Weiterentwicklungen der Methodik, die es erlauben würden, Heterogenität besser zu detektieren, sind dringend erforderlich. Erforderlich ist auch der korrekte Umgang mit Signalen, die in diesem Prozess generiert werden: Selbst wenn bessere Tests zur Verfügung stehen würden, müsste es trotzdem möglich sein, ein Signal nach sorgfältiger inhaltlicher Prüfung der Rationale aus substanzwissenschaftlicher und klinisch-pharmakologischer Sicht als Zufallsbefund einzustufen. Nicht akzeptiert werden kann jedoch, dass ein auffälliger Heterogenitätstest ohne eingehende Prüfung a priori als Zufallsbefund eingestuft wird.

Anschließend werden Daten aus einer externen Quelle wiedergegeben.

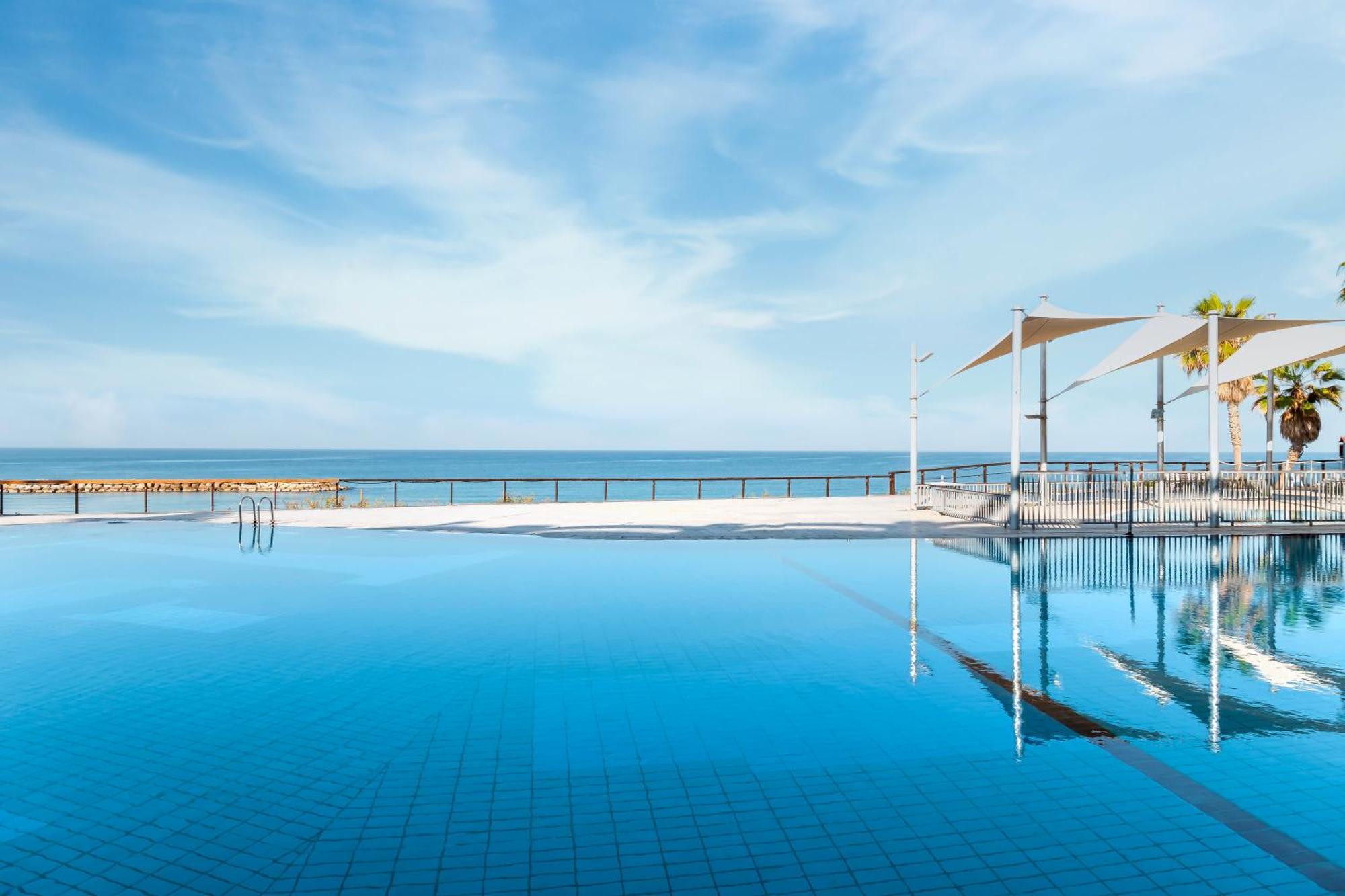 Daniel Herzliya Hotel Eksteriør billede Infinity pool at the hotel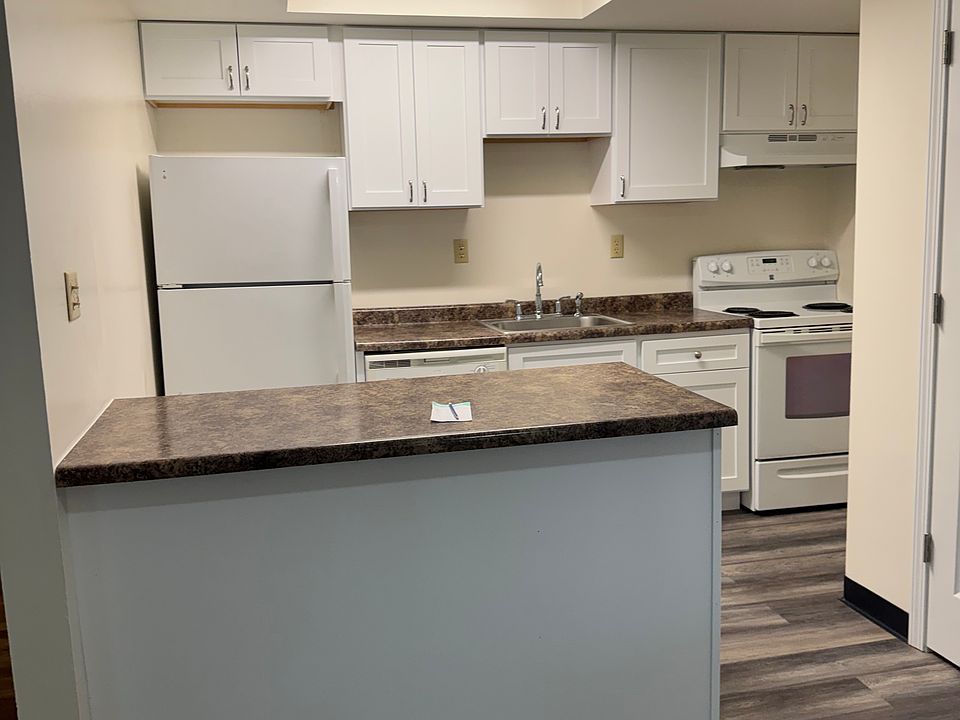 1st image of 101 Parsons St APT F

Zusammenfassend hoffen wir, in dieser Arbeit Argumente dafür geliefert zu haben, dass sich die Rolle des Heterogenitätstests weder im Bereich der Konsistenzprüfung der Ergebnisse von klinischen Studien noch in der Bemessung der Wertigkeit von Untergruppenergebnissen unterscheiden sollte. Insbesondere im letzten Fall ist es unplausibel, die Einschätzung des besonderen Werts eines Arzneimittels in einer Untergruppe vom (schlechten) Ergebnis desselben Arzneimittels in einer anderen Untergruppe einer klinischen Studie abhängig zu machen.

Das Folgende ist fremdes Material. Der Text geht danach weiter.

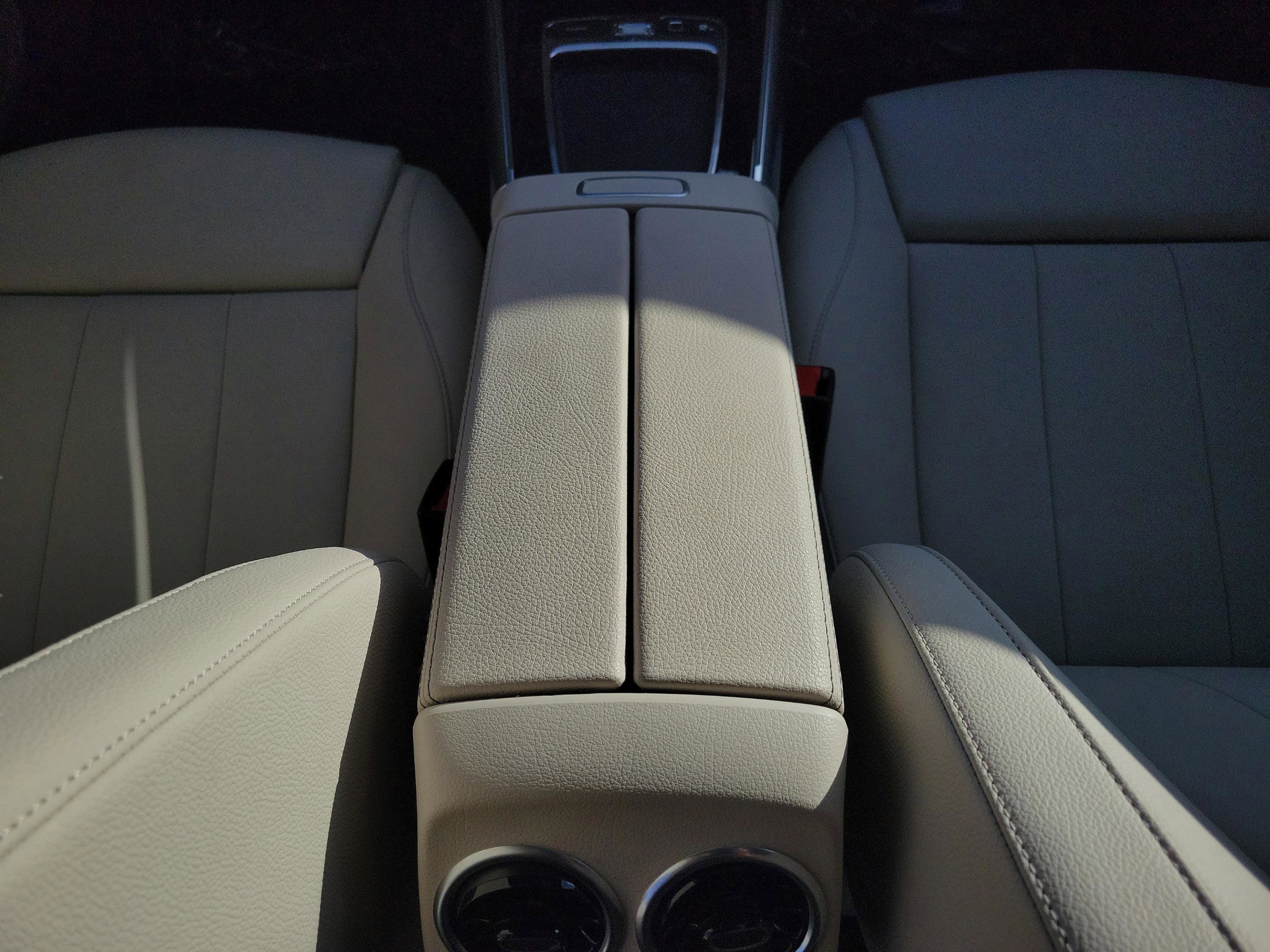 Certified 2025 Mercedes-Benz GLA 250 image 11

Vor dem Hintergrund einer ähnlichen Verantwortung und der Notwendigkeit, häufig auf der Basis gleicher Daten eine Entscheidung zu treffen, sehen wir einen großen Nutzen darin, Entscheidungsstrategien so weit möglich anzugleichen. Durch derartige Bemühungen wird dann auch genauer deutlich, an welchen Stellen Unterschiede zwischen Zulassungsentscheidung und Bewertung des Zusatznutzens bestehen und gegebenenfalls die Erhebung weiterer Daten erforderlich oder eine gemeinsame Diskussion der Studien gewinnbringend ist, die dann sowohl die Zulassung als auch die Bewertung eines Zusatznutzens begründen können.